“I am about to let you in on a few secrets, but I'm far from sure that this is the smartest thing I can do. In fact, it may be one of the dumbest. Because I can tell another story when the war is still in the background and so wrap up another week, then wait for things to return to normal and go back to dealing with marginal matters like racism, discrimination, xenophobia and the difficulty of coping as an Arab in the Jewish state. [...] it's like this: I was against the war, but after it started I wanted the army to lose, or at least not to feel victorious. My hands tremble as I write, but in this war I was against Israel - make no mistake - my country. This has nothing to do with the other side, it has nothing to do with what I think about the side that fought in this round against the IDF. It's true that I would prefer that the IDF, that the State of Israel lose without the consequence being that soldiers die. I would like to see it lose in arm-wrestling. Rows of tables in which soldiers from both sides sit and arm-wrestle. I would prefer a loss by penalty kicks.” Sayed Kashua.

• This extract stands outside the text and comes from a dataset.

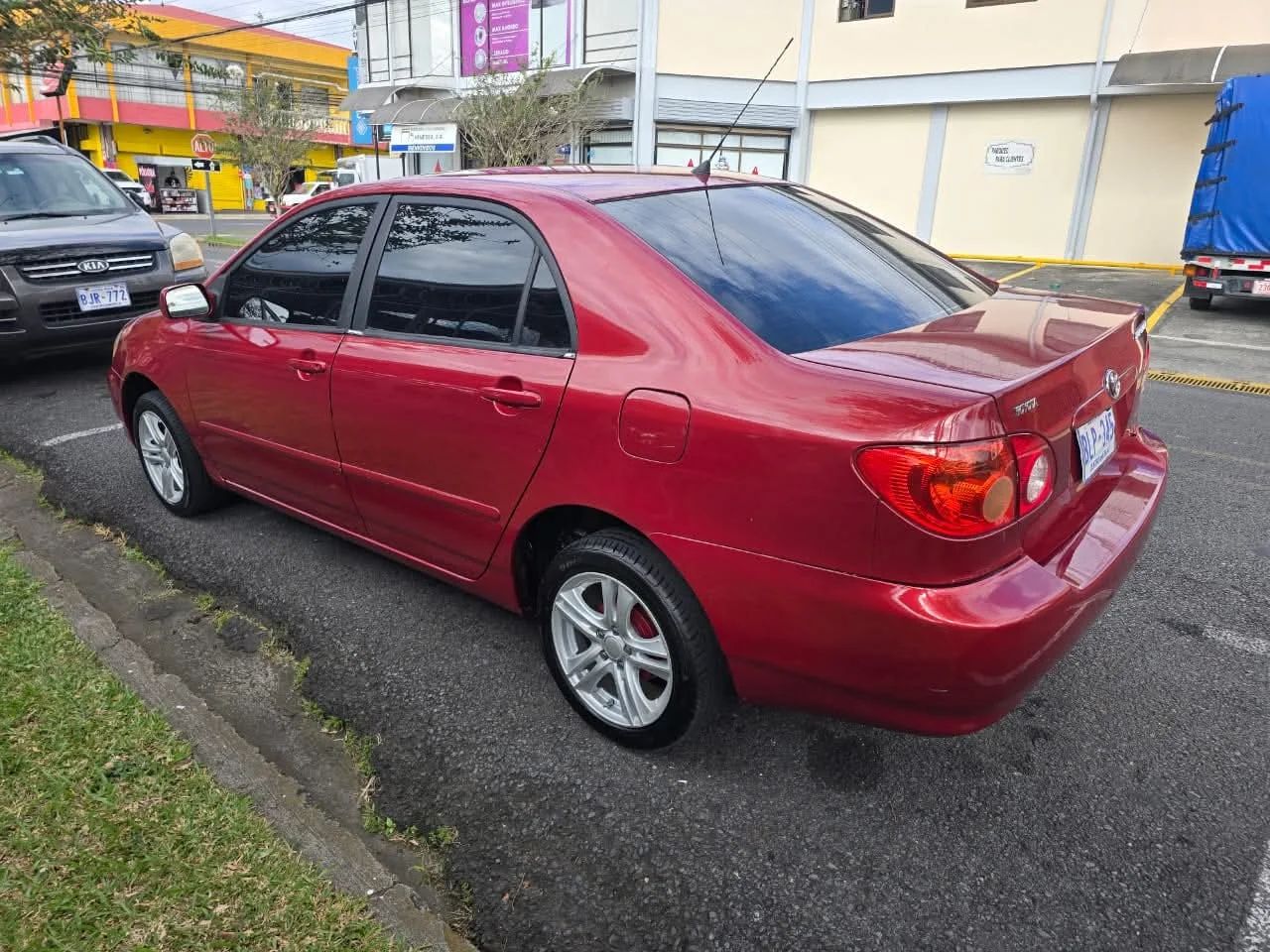 Toyota Corolla - Image 2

“Uri, my love. All your short life, we have all learned from you, from the strength and determination to go your own way.[...]You were the leftie of your battalion and you were respected for it, because you stood your ground, without giving up even one of your military assignments ... won't say anything now about the war you were killed in. We, our family, have already lost in this war. The state of Israel will have its own reckoning ...
Uri was such an Israeli child; even his name was very Israeli and Hebrew. He was the essence of Israeli-ness as I would want it to be. An Israeli-ness that has almost been forgotten, that is something of a curiosity. And he was a person so full of values. That word has been so eroded and has become ridiculed in recent years. In our crazy, cruel and cynical world, it's not 'cool' to have values, or to be a humanist, or to be truly sensitive to the suffering of the other, even if that other is your enemy on the battlefield.
However, I learned from Uri that it is both possible and necessary to be all that. We have to guard ourselves, by defending ourselves both physically and morally. We have to guard ourselves from might and simplistic thinking, from the corruption that is in cynicism, from the pollution of the heart and the ill-treatment of humans, which are the biggest curse of those living in a disastrous region like ours. ” David Grossman writing about the Death of his son Uri in the Israeli-Lebanon Conflict in The Observer.